Third, Cle Jackson makes the point that you need to have peaceful protest, “to get work done from a policy perspective.” Again, this is simply not accurate. Every major policy around critical social issues have come about because social movements forced federal, state and local governments to make changes. Those in power never make significant structural changes because people ask nicely. Those changes came about because the system felt threatened with civil unrest.

For example, during the Great Depression and the ensuing years, the labor movement was so militant, engaging in thousands of strikes annually, that the FDR administration was forced to pass the Wagner Act and then to adopt some robust social policies known as the New Deal. Had the New Deal policies not been adopted, the Labor Movement may have moved toward a more revolutionary strategy. 

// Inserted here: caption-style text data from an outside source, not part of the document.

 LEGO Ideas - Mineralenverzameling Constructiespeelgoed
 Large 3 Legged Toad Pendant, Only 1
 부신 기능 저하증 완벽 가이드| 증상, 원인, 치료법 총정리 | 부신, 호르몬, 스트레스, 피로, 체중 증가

The Johnson Administration passed the Civil Rights Act and the Voting Rights Act because of the constant disruption, civil disobedience and growing militant resistance to Structural Racism in the US, not because the federal government thought it was a good idea, but because they were forced to meet the demands of an increasingly militant movement.

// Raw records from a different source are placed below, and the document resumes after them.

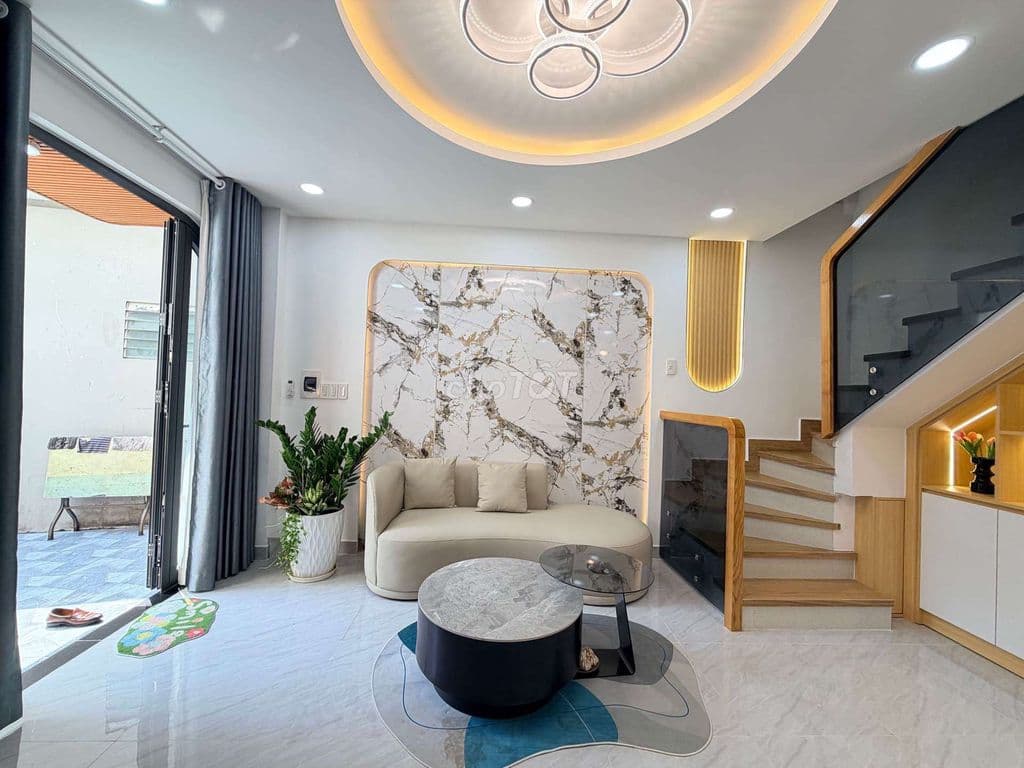 Nhà mới Phan Văn Trị, dọn vào ở liền, ngày chợ Cây Thị, 60m2 giá 6.65T - Ảnh 2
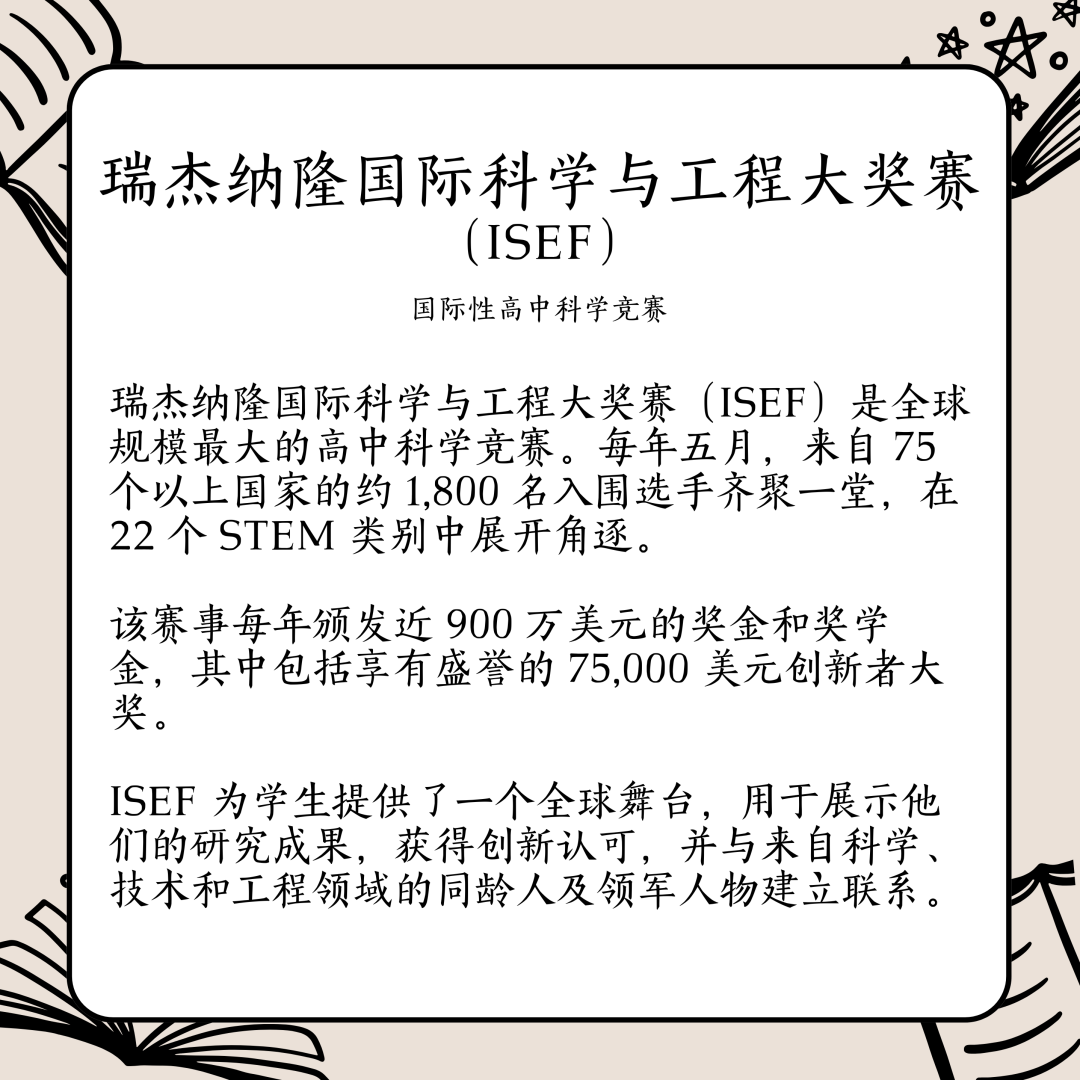 揭秘能进顶级名校的STEM竞赛（二）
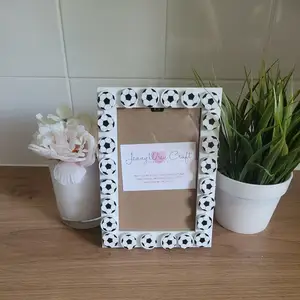 Football Relief Designer Wooden Frame For Tabletop Photos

Major policy changes almost always are the result of mass movements on the ground disrupting business as usual, to the degree that systems of power, both economic and political, felt threatened enough to concede to movement demands. This is the whole point of Howard Zinn’s monumental work, A People’s History of the United States. What ever rights or gains we have made, it is because of social movements. It’s never a gift from those in power.

The founder of the NAACP, W.E.B. DuBois, understood the necessity of resisting structural racism and White Supremacy through disruptive tactics and strategies. DuBois even referred to the organized resistance to slavery as, “A General Strike.” The great Black Intellectual would no doubt be dismayed by the insistence from Mr. Jackson that people protest peacefully.